The task of leading becomes ever more challenging given the forces and pace of change. In addition, our busyness as leaders gets in the way of our ability to process, think and reflect on the key issues our organizations face now and in the future. There are, however, seven practices of leader learners that can change the very nature of our leadership. I use the term leader learners deliberately. Not all leaders are learners and not all learners are leaders but leaders who are also learners have a powerful combination.

1. Read widely. Anyone looking at my library would say that it is eclectic: biographies, science, psychology, theology, fiction, classics and the new. Wide reading expands our minds to think bigger thoughts, to prompt new ideas and to give us a rich knowledge base from which to draw life, leadership and practical skills. Reading beyond our expertise area is particularly enriching.

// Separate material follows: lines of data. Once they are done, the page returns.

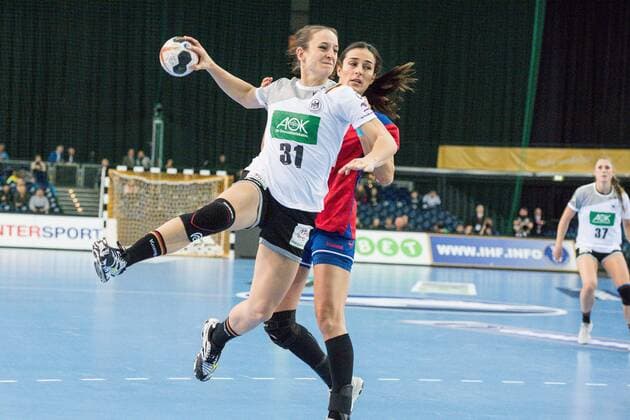 GER IHF World Cup 2017 Germany GER vs South Korea KOR 05 12 2017 Arena Leipzig GER IHF World Cup 2017 Germany GER vs South Korea KOR in the picture Kerstin Wohlbold 31 Germany Sanja Damnjanovic 11 Serbia nordphotoxDostmann nph00325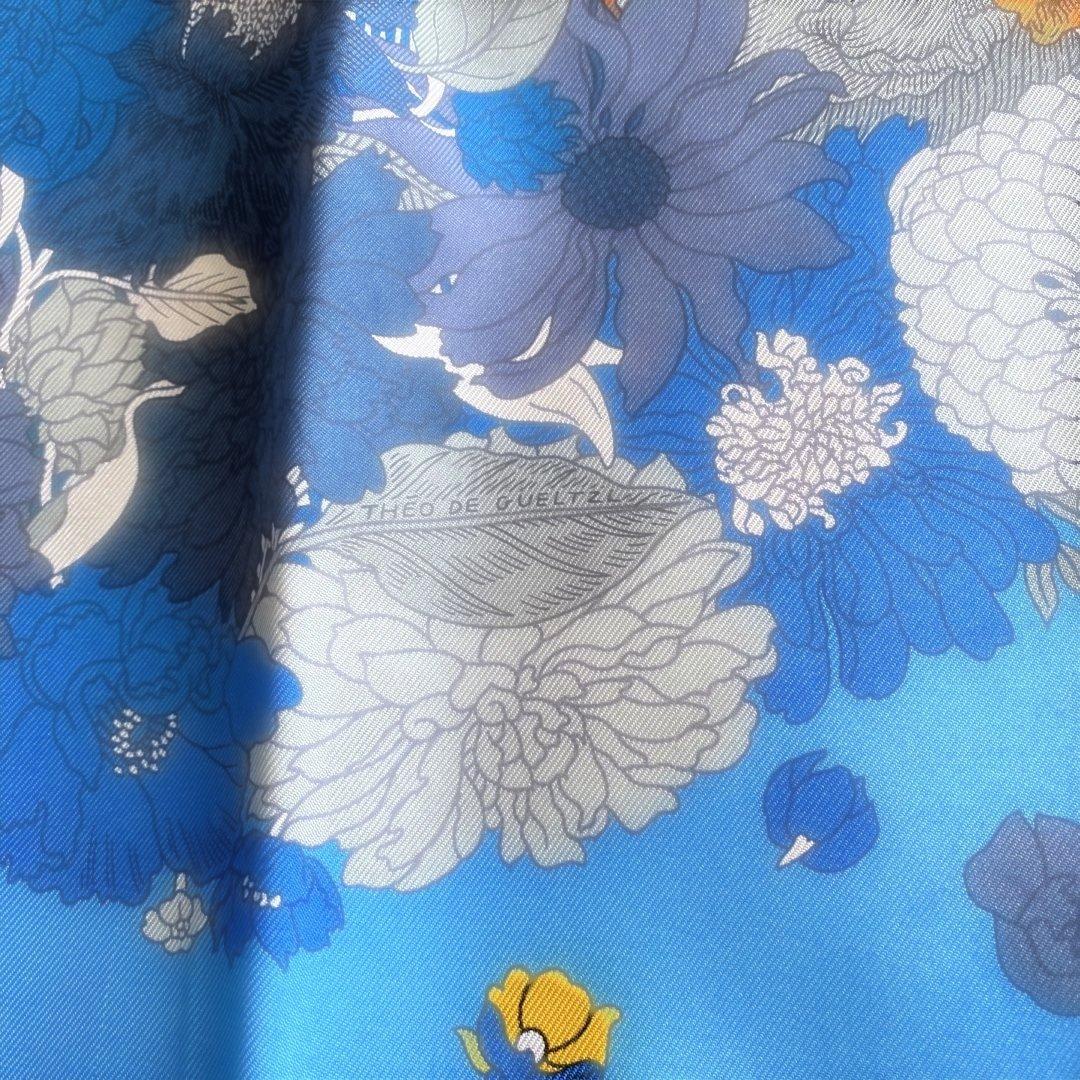 エルメス　シルクスカーフ 90 馬と花のデザイン 箱リボン付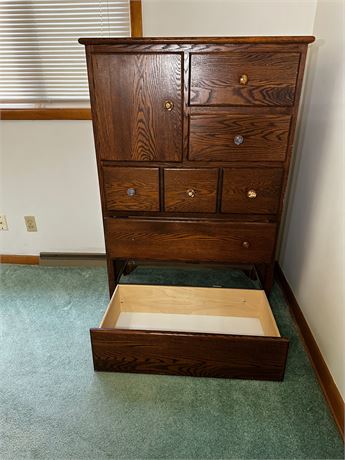 Chest Of Drawers (Bottom needs fixed)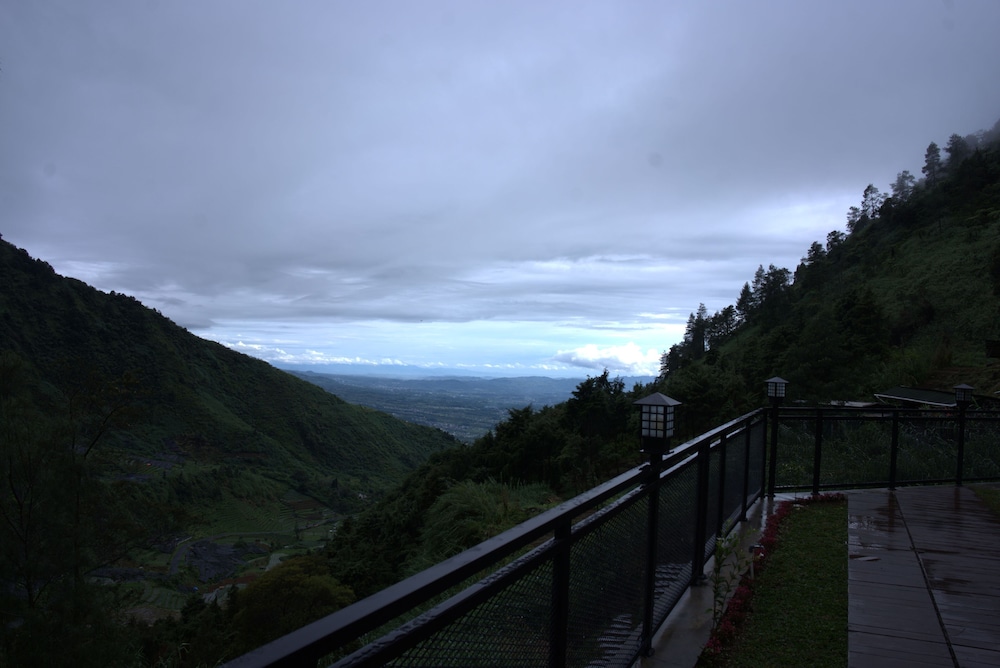The Sikarim Waterfall View Villa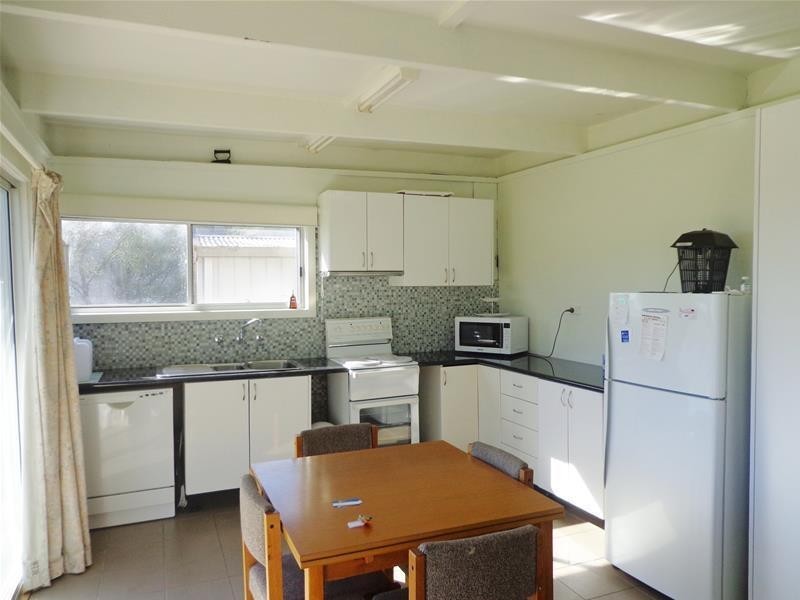 20 Victoria Parade, Loch Sport VIC 3851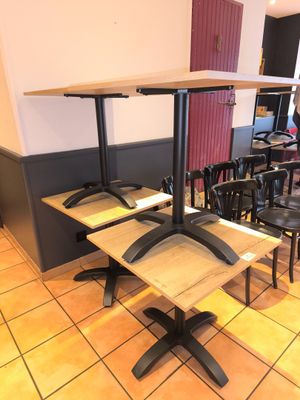 des tables et des chaises dans un restaurant au sol carrelé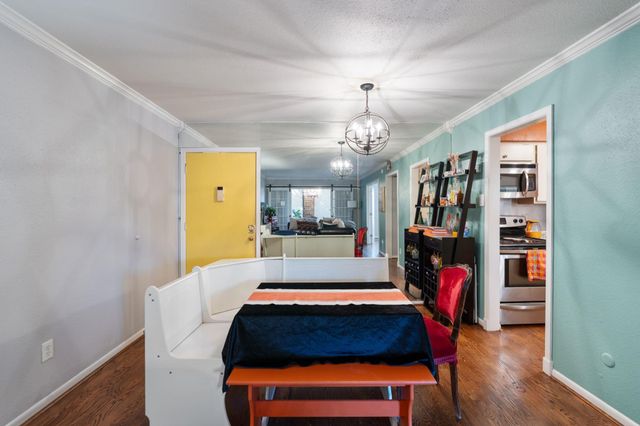 7575 Katy Freeway 102, Houston, TX 77024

2. Ask questions. We are surrounded by people who do interesting things. Regardless of their occupation or expertise, asking a lot of questions expands our own thinking. What is their strategy, what informs their decisions, why did they do what they did, what is the biggest dumb tax they have paid and what are they learning presently? Learn from others.

3. Think deeply. A friend tells me the story of Bill Gates at a resort in Hawaii where he just sat, rocking back and forth for most of a day - thinking. Thinking deeply is a lost art because we have far too many distractions that vie for our attention. Taking the time to think deeply over issues that matter yields insights that are had no other way.

4. Think differently. Common wisdom is very common and often not wisdom. Question everything! Why do we do what we do the way we do it? Are their "game changers" that would take us to a whole new level rather than a small tweak? Look for contrarian thinkers who give you advice that you might not even agree with but which causes you to consider. Innovators are people who are always asking the why question. They can be irritating but they are also the people who leapfrog others because they think differently.

5. Hang with innovators and creative folks. I am not the most creative guy in the world but I know a lot of people who are and the more time I spend with them the more creatively I think. I especially love time with young creative leaders who see life through a different lens than I do at 55. I need them to stay young!

6. Pray for wisdom and insight. They Holy Spirit has intelligence about what we do that we don't! Ask Him for insight and wisdom and expect that He will talk back. I am convinced that the best ideas I have had did not come from me but came from Him. Ask and you shall receive!

7. Whiteboard monthly. Take just one big rock a month, get the right people into a room and have a whiteboard session around that issue. You will be surprised what the combined intelligence will yield compared to you alone. So simple, but it takes time. I rarely tackle an issue alone. I want the multiplication factor of bright folks and their combined intelligence for the best solution.

The common denominator of these seven practices is time and intentionality. Of course that is what it takes to be a leader learner.